Transcribe each line of the material as it is, and drop any picture.

Supplied data:

•••••

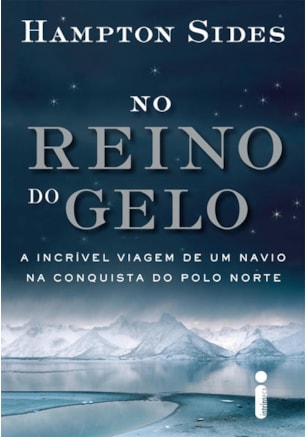 NO REINO DO GELO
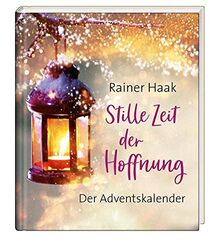 Stille Zeit der Hoffnung: Der Adventskalender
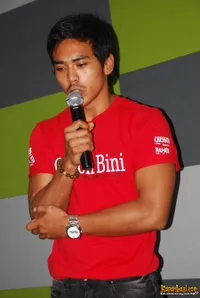 Foto Dian Sidik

•••••

Exercise answer:
 NO REINO DO GELO
 Stille Zeit der Hoffnung: Der Adventskalender
 Foto Dian Sidik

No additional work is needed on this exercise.